For the garlic butter, stir the crushed garlic and chopped coriander into the remaining 1 tbsp melted butter. Set aside while you shape and cook the naan.
Divide the rested dough into 8 large, 10 medium, or 12 small pieces. Roll each piece into a ball and keep them covered so they do not dry out.
Working with one dough ball at a time, roll it on a lightly floured surface into a round, oval, or teardrop shape. Flip once and roll again so the thickness is even, about 3-5 mm.
Heat a dry frying pan or cast-iron skillet over medium-high heat.
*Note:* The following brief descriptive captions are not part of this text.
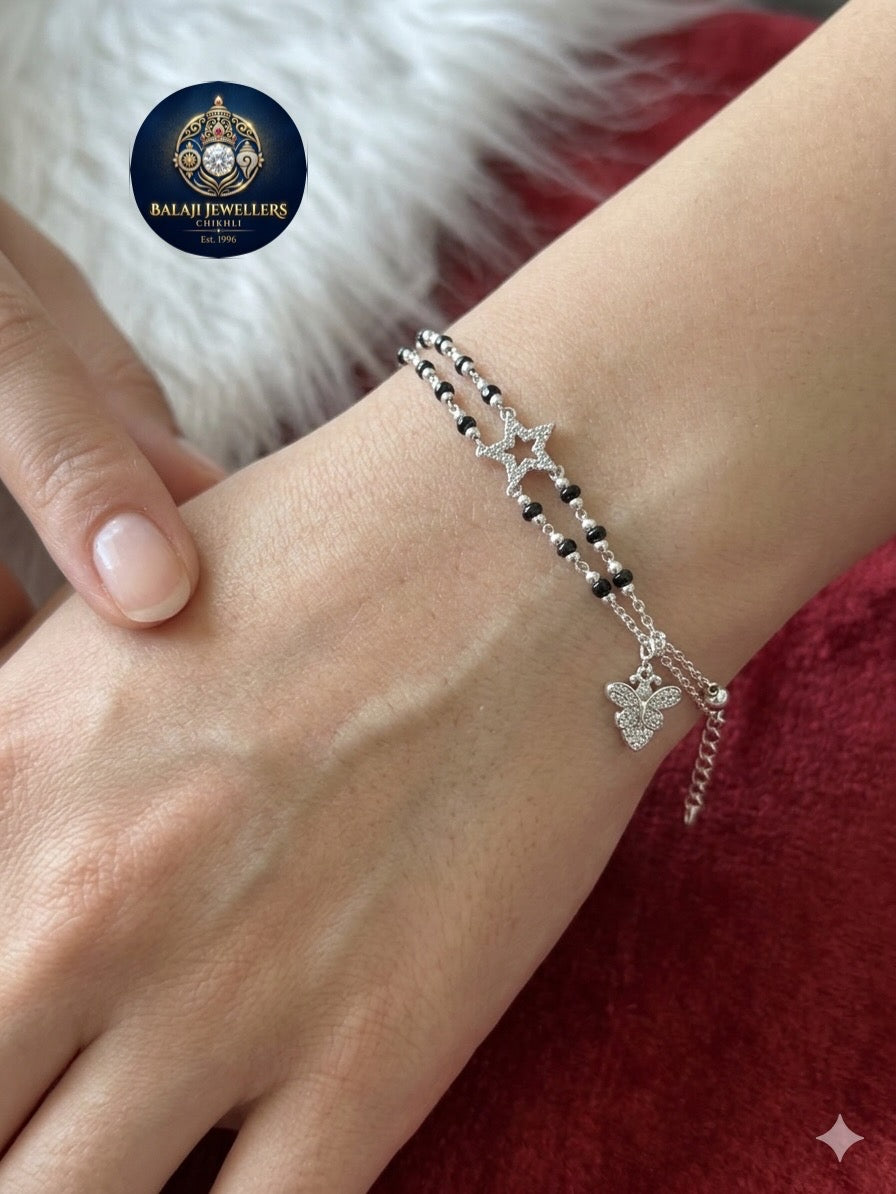 Aavikazevar Minimal Silver Bracelet | Timeless three layer Silver hand mangalsutra for Everyday Elegance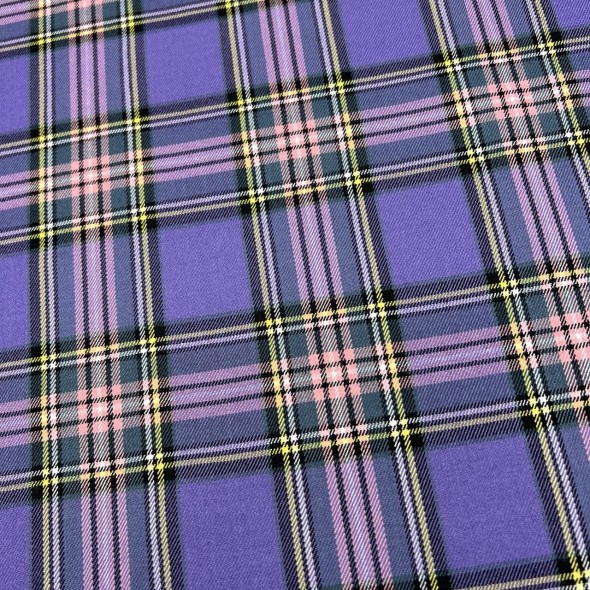 Ткань костюмная в клетку в сиреневых тонах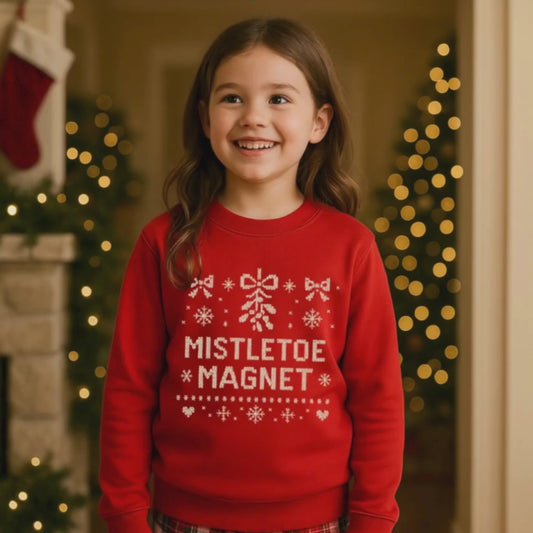 Toddler Mistletoe Magnet Christmas Sweatshirt | Funny Cute Holiday Outfit | Cozy Toddler Christmas Gift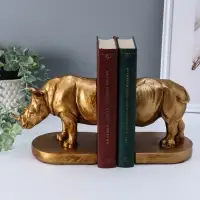 Держатели для книг полистоун "Носорог" набор 2 шт 12х26,5х15 см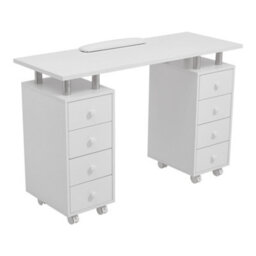Living And Home White Mobile 8-Drawer Manicure Table With Lockable Castors, 119.5Cm W X 45Cm D X 78.5Cm H - thumbnail 3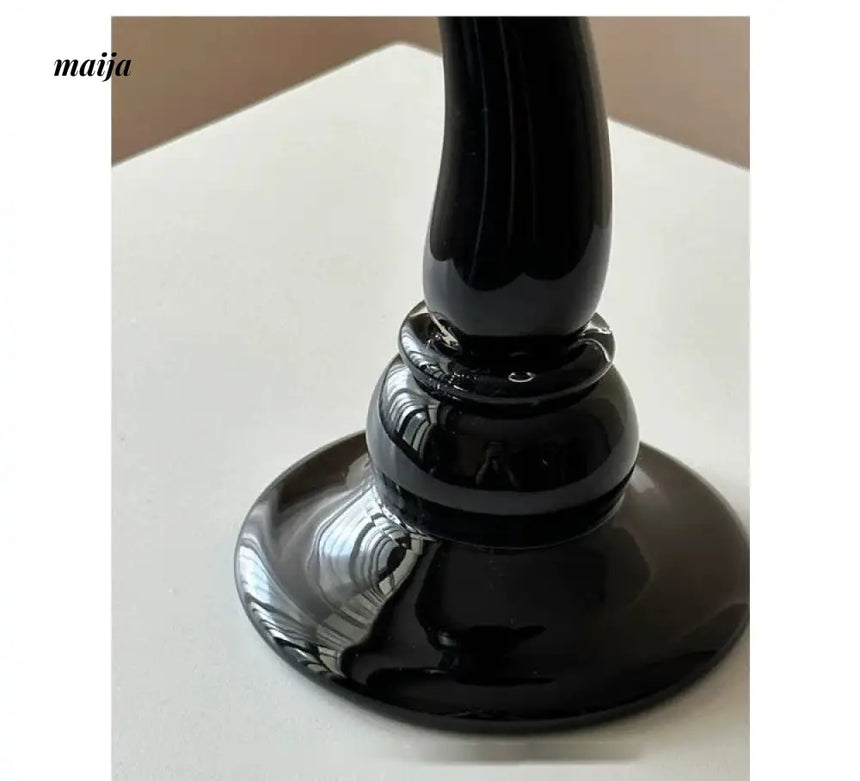 GUIFOU Retro Black Glass Candlestick from GUIFOU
Cook one naan for 1-2 minutes, until bubbles form and the underside has browned spots, then flip and cook the second side until puffed and golden in places.
Transfer the cooked naan to a plate, brush with garlic butter if using, and sprinkle with extra coriander. Cover with a clean tea towel to keep warm while cooking the remaining dough.
Use thick plain yogurt for the best texture; if your yogurt is thin, add the water more slowly. Keep the pan hot but not smoking, as a too-cool pan makes naan dry before it browns. Cooked naan is best served warm, but leftovers can be wrapped and refrigerated for up to 2 days or frozen for up to 1 month; reheat in a dry pan or warm oven.